All my life I've managed to get into trouble for things I didn't do. What follows is my peak achievement.

I was on a flight from CA to TX. We had just taken off and I was settling in, watching The Office on my laptop. The guy next to me was watching what appeared to be a very normal Bollywood movie. I was wearing large corded headphones and he was wearing small Bluetooth earbuds. He had kinda long hair so you could barely see the earbuds.

The flight attendant came around to take our drink orders so I paused my show and ordered a drink. He paused his movie, turned off his earbuds, and ordered a drink. I then resumed my show and he resumed his movie. Perfectly normal, right? Except that he forgot to turn his earbuds back on.

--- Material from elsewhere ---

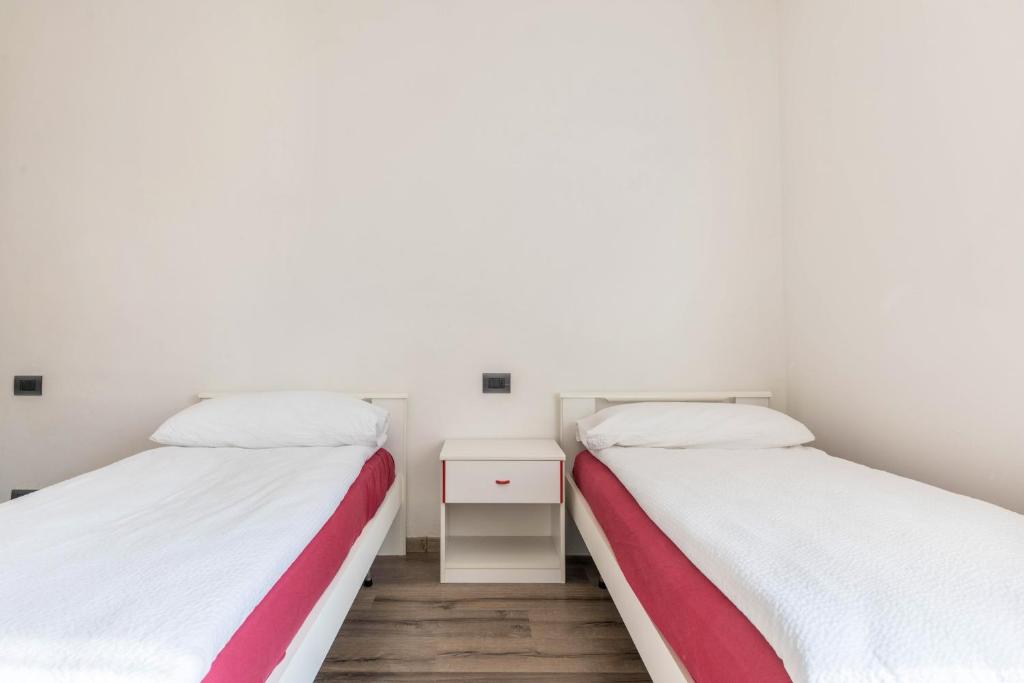 Łóżko lub łóżka w pokoju w obiekcie Appartamento dorsino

When he resumed his movie, I and everyone else on the plane could hear it over his laptop speakers. And of course, as the good lord would have it, the moment he resumed the movie, it switched to a sex scene. Nothing graphic, not even any nudity. Just one woman and about five men moaning and groaning LOUDLY.

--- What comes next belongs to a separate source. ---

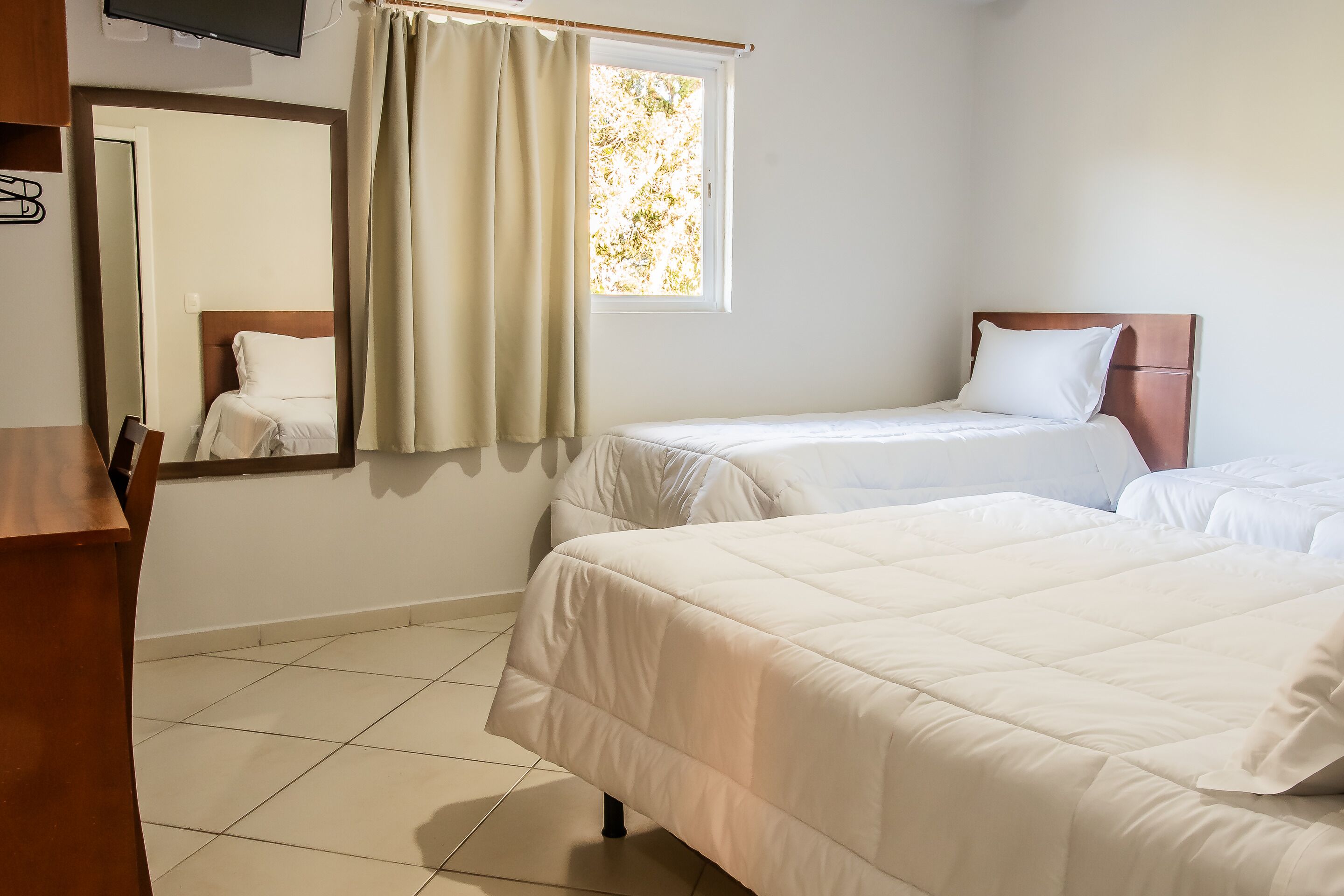 Habitación de hotel con dos camas, cabecero de madera, ventana con cortinas, televisor de pantalla plana montado en la pared y suelo de baldosas.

Remember when I said he had small, hair-covered, wireless earbuds and I had large headphones on? Well of course everyone saw my headphones and the look on my face and assumed my nasty ass was watching porn on full volume with my headphones unplugged. Meanwhile, he DIDN'T EVEN NOTICE that he wasn't listening to the Dolby Surround Sound gangbang through his earbuds.

The flight attendant rushed back, looked right at me and said, "SIR WILL YOU PLEASE PLUG IN YOUR HEADPHONES?" I meekly pointed to the guy next to me. So the flight attendant, now embarrassed, saw his screen and quietly asked him to reconnect his earbuds, to which he quietly agreed. But the damage was done. For the next three hours, every innocent suburban mom, dad, and child on the plane glared at me like I was some sort of public fapping sicko.

This is the story of my life.

tl;dr: Guy next to me on a plane forgot to reconnect his earbuds and subjected us all to the sweet sounds of passionate group love. I got the blame for it because I still use large, conspicuous headphones and have the poker face of a teenager buying booze.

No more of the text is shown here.